Another thing that I think is an interesting conclusion would be metal fatigue and the fatigue limit of the metal - some steel alloys don’t have an ultimate fatigue failure and that’s usually a hallmark of ferrous materials and titanium whereas a lot of non-ferrous materials (such as the Intrepid with weird cracks everywhere) have a failure-based fatigue life where, eventually, the material will crack.
Here’s a pretty good chart for the tensile strength of 4130 and how, once it hits it’s fatigue limit, it loses strength.
This comparison of steel and aluminum (which can be assumed to be similar for materials like aluminum such as the non-magnetic material in that intrepid) will eventually just go to failure as they don’t have an endurance limit. The highest stresses will be around the bends on the front clip, struts, and where welds happen along the long sections of main rail. That said, you can approximate spring rate with Young’s Modulus and relative displacement. Meaning Y(delta L/ L) is loosely Hooke’s law (I read a paper about this a while ago - I might be off slightly). Y= Stress/strain so as the material has less stress from being fatigued for the same strain it will get lower - meaning the spring rate will get lower and it will get softer. IMO, this falls much more in line with anecdotal evidence I’ve heard about the kart on track.
Something else to take into consideration in the design of bending parts is that there’s so much more than purely stiffness - for all intents and purposes, “rebound” shouldn’t exist as karters talk about it. Energy loading vs unloading should be linear as far as bending is concerned - but it obviously isn’t if you’ve driven axles with different rebounds. The mini kart axle I designed last year was the same stiffness as an incredibly popular axle mini kart axle from Europe but had a completely different rebound because it was using a different material, wall thickness, etc. This is because our rules allow different things in the axle as opposed to european rules. There’s quite a lot to play with outside of stiffness alone. Since we’re undamped, a lot more things matter such as natural frequency and resonance.
I set up an FEA of a kart chassis earlier in school - what I found out was, more or less, without a bunch of specialized information it’s hard to really tell what’s going to happen. Biggest stresses were around bends, etc. I really only focused on torsional rigidity since modelling weight transfer through a fiberglass seat would be… Difficult.

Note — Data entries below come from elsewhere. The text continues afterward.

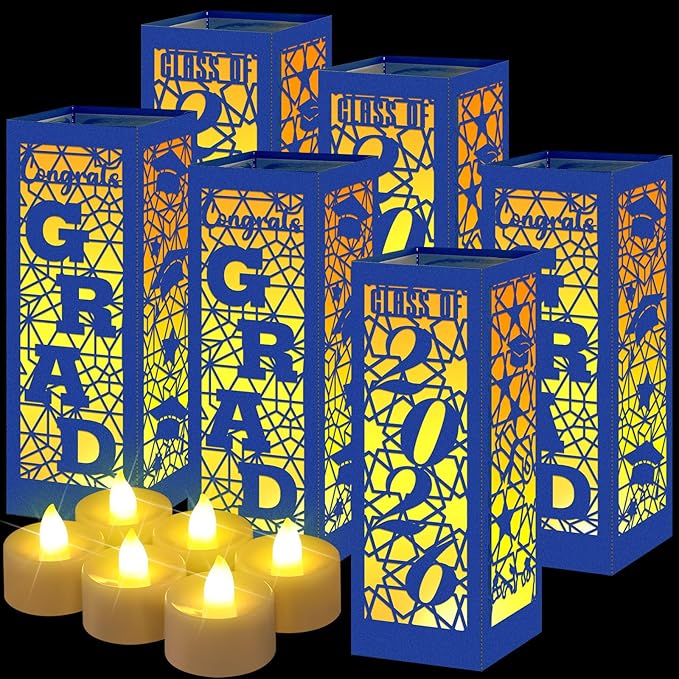 Rossesay 6 Pcs Graduation Table Centerpieces Boxes Class of 2026 Graduation Lanterns for Centerpieces with LED Candles Congrats Grad School College Photo Props for Party Table Decoration (Blue)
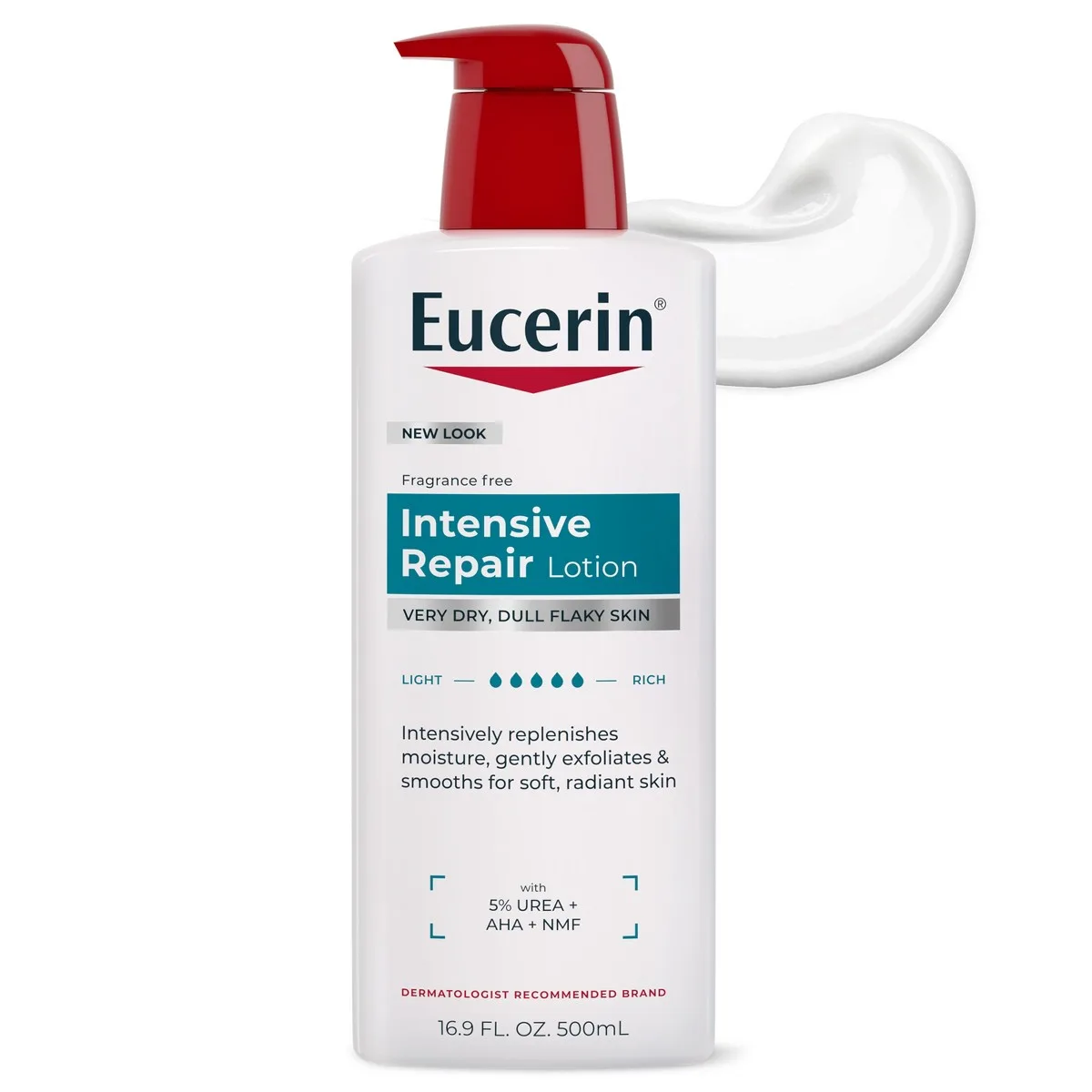 Eucerin Intensive Repair Lotion in white pump bottle with blue accents
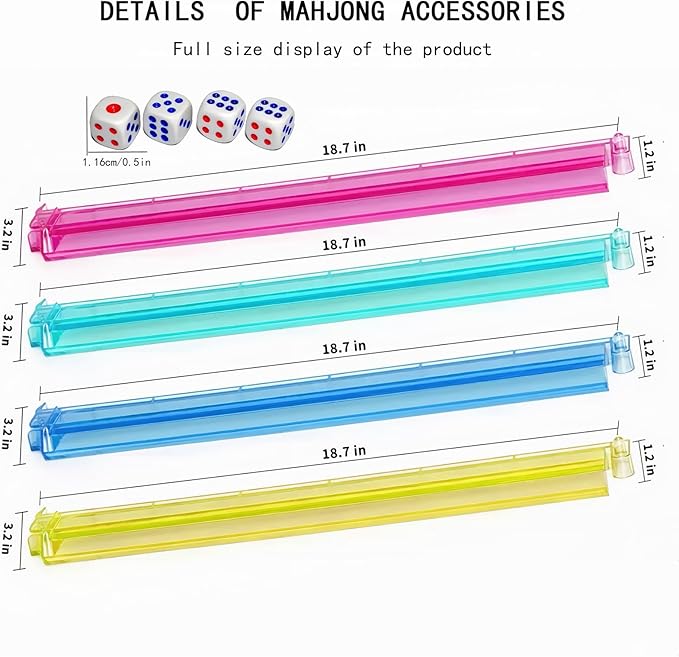 Mahjong All-in-One Tile Rack & Pusher, Clear Acrylic Mahjong Rack and Pusher Combo, Enhanced Mah Jongg Tile Holders Set of 4，Color，with 4 Dics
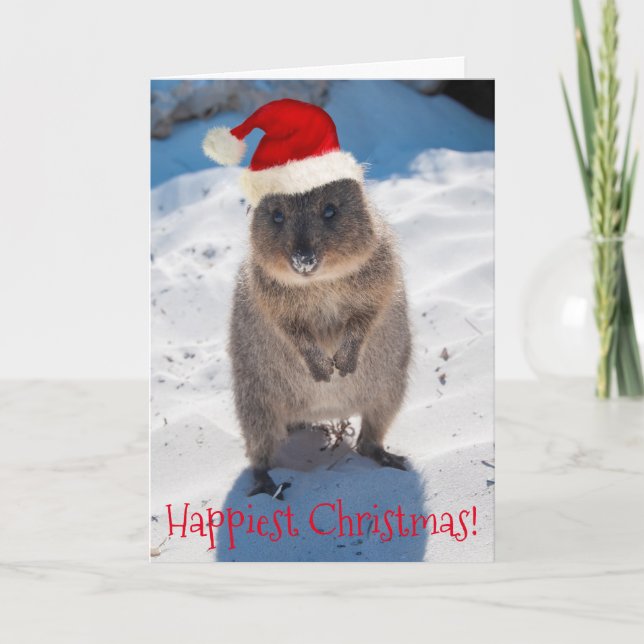 Lycklig Quokka - jul och nyår Kort (Framsida)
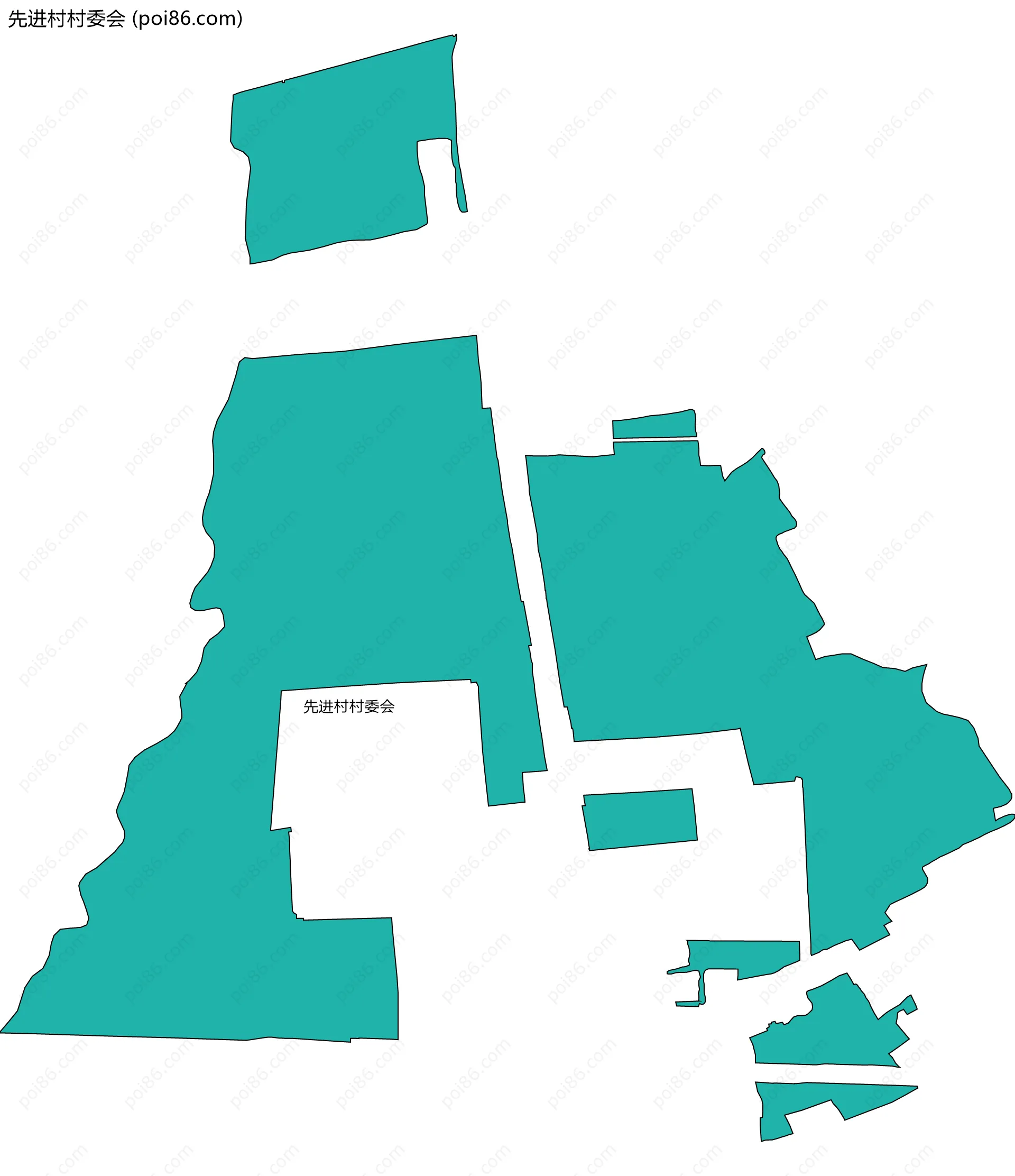 先进村村委会边界地图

The highest stresses on the kart come at the welds, not on the tubes. Look at the factory welds vs general production welds. Might get a little more insight on to the special karts there as well. I know a lot of factories will do karts specific to tracks as well. Maybe one track is rougher so it needs a more “dull” material, whereas another track might be glassy smooth and single apex turns so it might need a more reactive kart. Quasi-damping is pretty cool and makes a lot of sense in reality but I can’t make much sense of it myself in theory. I know qualitatively what materials behave as what within karting and have working theories to why, but I can’t really give anything definite.
I’ve gotta disagree on the karts come in higher right away thing - I table karts at the end of every day at major races (Pro Tour, Winter Tour, etc) and the karts I table the night before to be perfect often come back perfect (within 1 mm) if they don’t hit anything. This is true for Compkart, Parolin, Energy, Praga, OTK, any of the brands I’ve personally worked with in the last few years. Part of that “pop up” the first session may be auxiliary stress in the frame from assembly - if the kart has stresses in it that, when agitated, release themselves. It’s a pretty common tactic for stress relieving welded parts on a vibration plate and maybe it’s showing up here. I assume karts are stress relieved after welding but maybe not.
At the end of the day, I think that the majority of this comes down to economics and not engineering. The factory karts are usually a different material that wears out faster that they can’t sell to the public because of the life expectancy of a kart, as mentioned above, but I think the teams selling off karts in non factory settings has more to do with whenever they get their money out of them. In three races of rental fees most teams will have paid off their cost on the kart - whatever else is left is profit. You’ll make more off the last two races in rentals than you’ll get as an increased return on selling the kart used as a 1 race versus a 3 race kart. At a certain point, rental customers expect fresh equipment, so this is an ideal spot to do it.